World War II was far from total, even in Germany, despite the free use of the word. But it provided just a taste of what total war might be like. Since we are convinced we can avoid total war and defeat only through national strength, it follows that this strength must be achieved through a kind of total mobilization for peace. This involves all elements of our national life and it certainly includes the military. Since the military element of our national strength is now recognized as the shield behind which all others must develop, it is inescapable that we Americans are now, for the first time, a military people.
This is an amazing thing to most Americans. Some will refuse to accept it, but most simply will not comprehend it for some time to come. It is contrary to tradition and incompatible with custom, but it is fact. And no one can be more amazed by the necessarily militant character of our present American civilization than the United States Army officer, since no one was more conscious of its idyllically peaceful character in the past.
This new participation of the military in all important aspects of our national life is desirable because it is necessary, and it will result in a much higher level of military preparedness than could be achieved otherwise. But it will make entirely new demands upon the character and ability of the permanent officer. In the past, after putting out the fire like a good fireman, he has always gone quietly back to the fire-house and resumed his drill, observed principally by relatives, small children, and visiting dignitaries. But this fire, although diminished at present, is obviously not out, and the officer is now called upon to help fireproof the building. It is a good assignment, but it is not an easy one.

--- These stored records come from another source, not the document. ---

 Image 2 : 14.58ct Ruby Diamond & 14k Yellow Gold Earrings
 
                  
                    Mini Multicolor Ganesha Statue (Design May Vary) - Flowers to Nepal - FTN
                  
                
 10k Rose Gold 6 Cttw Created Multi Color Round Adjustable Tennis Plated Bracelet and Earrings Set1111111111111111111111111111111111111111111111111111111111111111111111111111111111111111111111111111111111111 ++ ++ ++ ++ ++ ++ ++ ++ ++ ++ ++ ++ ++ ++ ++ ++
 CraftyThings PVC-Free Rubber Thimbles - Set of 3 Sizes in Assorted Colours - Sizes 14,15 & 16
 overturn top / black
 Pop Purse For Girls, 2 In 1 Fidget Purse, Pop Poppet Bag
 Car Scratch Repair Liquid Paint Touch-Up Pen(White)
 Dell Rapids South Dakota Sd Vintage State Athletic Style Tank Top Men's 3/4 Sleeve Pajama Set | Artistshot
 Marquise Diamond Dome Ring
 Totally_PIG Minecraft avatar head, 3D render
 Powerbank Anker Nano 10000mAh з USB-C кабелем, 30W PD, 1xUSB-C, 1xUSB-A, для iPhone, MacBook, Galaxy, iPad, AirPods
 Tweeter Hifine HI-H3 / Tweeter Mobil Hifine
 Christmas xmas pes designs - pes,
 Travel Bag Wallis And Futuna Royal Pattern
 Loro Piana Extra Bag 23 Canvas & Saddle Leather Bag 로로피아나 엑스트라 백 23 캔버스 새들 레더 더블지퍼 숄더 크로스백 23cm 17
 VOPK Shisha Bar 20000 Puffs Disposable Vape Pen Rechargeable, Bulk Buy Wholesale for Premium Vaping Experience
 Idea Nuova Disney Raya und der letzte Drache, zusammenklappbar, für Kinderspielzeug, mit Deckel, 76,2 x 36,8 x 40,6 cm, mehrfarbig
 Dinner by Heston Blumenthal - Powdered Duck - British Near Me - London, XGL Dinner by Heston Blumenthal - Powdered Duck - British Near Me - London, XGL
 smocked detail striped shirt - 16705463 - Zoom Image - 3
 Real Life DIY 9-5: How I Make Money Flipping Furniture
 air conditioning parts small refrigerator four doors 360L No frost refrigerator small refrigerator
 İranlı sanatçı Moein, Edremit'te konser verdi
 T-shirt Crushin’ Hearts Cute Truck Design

The old system is inefficient, frustrating, and wasteful of ability. It was not pleasant to be banished from the minds, if not the hearts, of one’s fellow countrymen; to work with no tools; to plan with no cooperation. It required patience, devotion, self-encouragement and, for a few unfailing leaders, long-range vision and an undismayed consecration to the cause of the national welfare. But for the great majority of peacetime officers, it did not require the rapid increase in knowledge, versatility, and breadth of understanding demanded by the new role of full-time consulting architect for a whole nation’s future.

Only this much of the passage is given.